Of course I am aware there is a possible downside to capitalism, which are generally losses or inability to pay back loans. Everybody makes mistakes and everybody needs to be helped get up off the floor. Other countries do this-is this another thing that works perfectly well elsewhere but does not work here?  Perhaps you think he should be flogged in public for his failure? That would be pay back for living it up? Yep-public floggings and humiliation of failed borrowers would certainly deter future recklessness. Problem solved! 

As a tax payer I have no right to be a person of interest in every action or decision that goes on in bailed out banks. Nor have you. Banks could not function with that level of scrutiny.

We have no right to be judge and jury as to what our taxes are spent on either.  We all have to hope that they are spent in the best interest of all concerned! If that does not happen there are PAC to investigate this.

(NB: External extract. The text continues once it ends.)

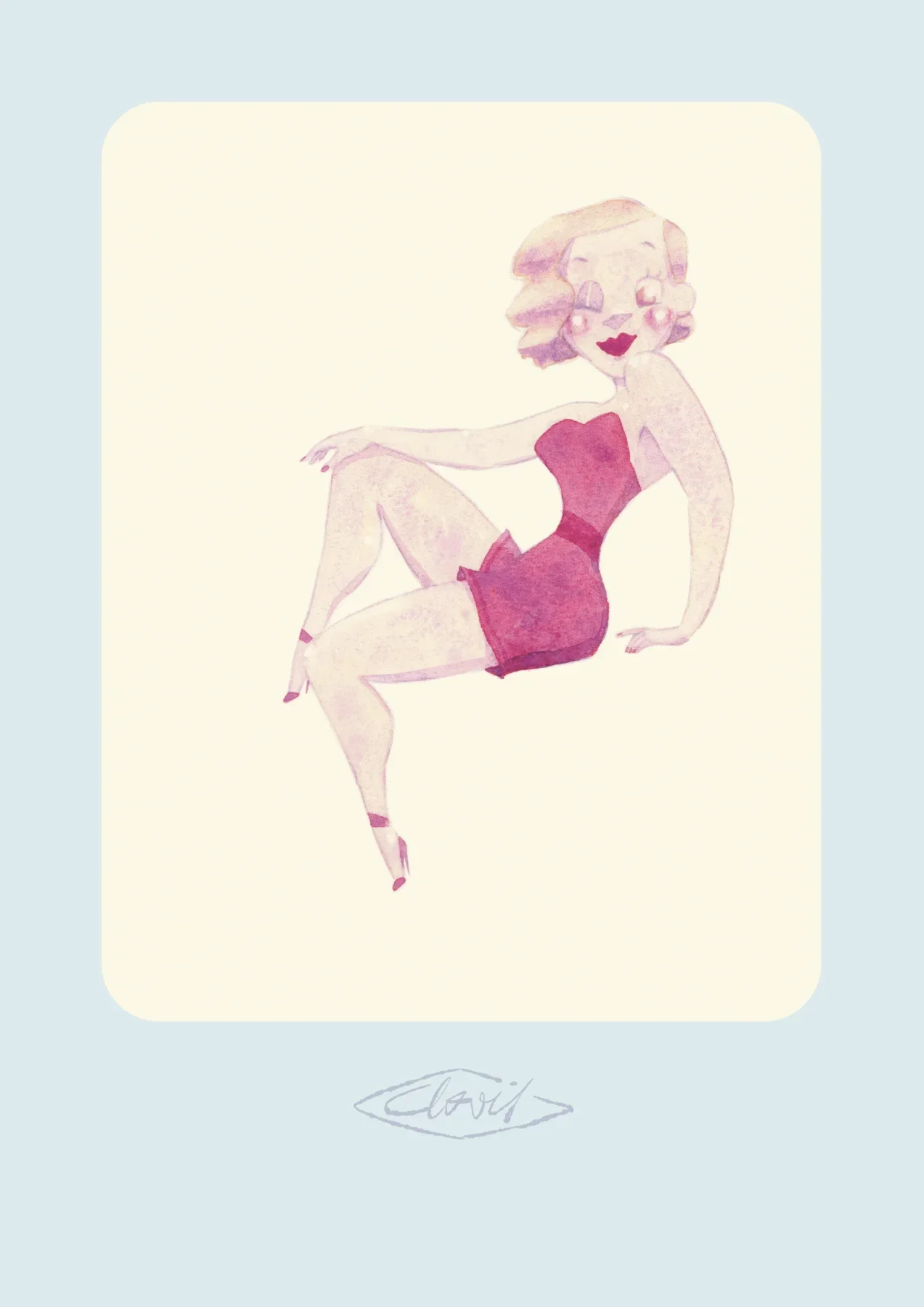 olympia_print_A4.webp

I fail to grasp what it is about this man that irks you so much! He does not deserve to have you second guess his actions when he had money or indeed what his circumstances are now. Unless he owes you money, his life and finances are not your concern.


----------



## Delboy

Luternau said:


> Of course I am aware there is a possible downside to capitalism, which are generally losses or inability to pay back loans. Perhaps you think he should be flogged in public for his failure?
> 
> As a tax payer I have no right to be a person of interest in every action:decision that goes on in bailed out banks. Nor have you.
> 
> We have no right to be judge and jury as to what our taxes are spent on either.  We all have to hope that they are spent in the best interest of all concerned! If that does not happen there are PAC to investigate this.
> 
> I fail to grasp what it is about this one man irks you so much! He does not deserve to have you second guess his actions when he had money or indeed what his circumstances are now. Unless he owes you money, his life and finances are not your concern.



I have no real interest in this person at all and he has come across my radar a few times over the past 2 years...but he puts himself in the media in front of everyone, he writes a book outlining his story, he sets up a group to 'advise' people on mortgage debt.
So he's out there in the public. It's you who seems intent on defending him no matter what detail is provided on here or in the public domain. But thats your right.

I find your arguments a bit emotive and nonsensical to be honest. I'm 2nd guessing nothing....I base my point of view on facts while you seem to be going on generalities about everyone doing their own thing and worrying about no one else, etc.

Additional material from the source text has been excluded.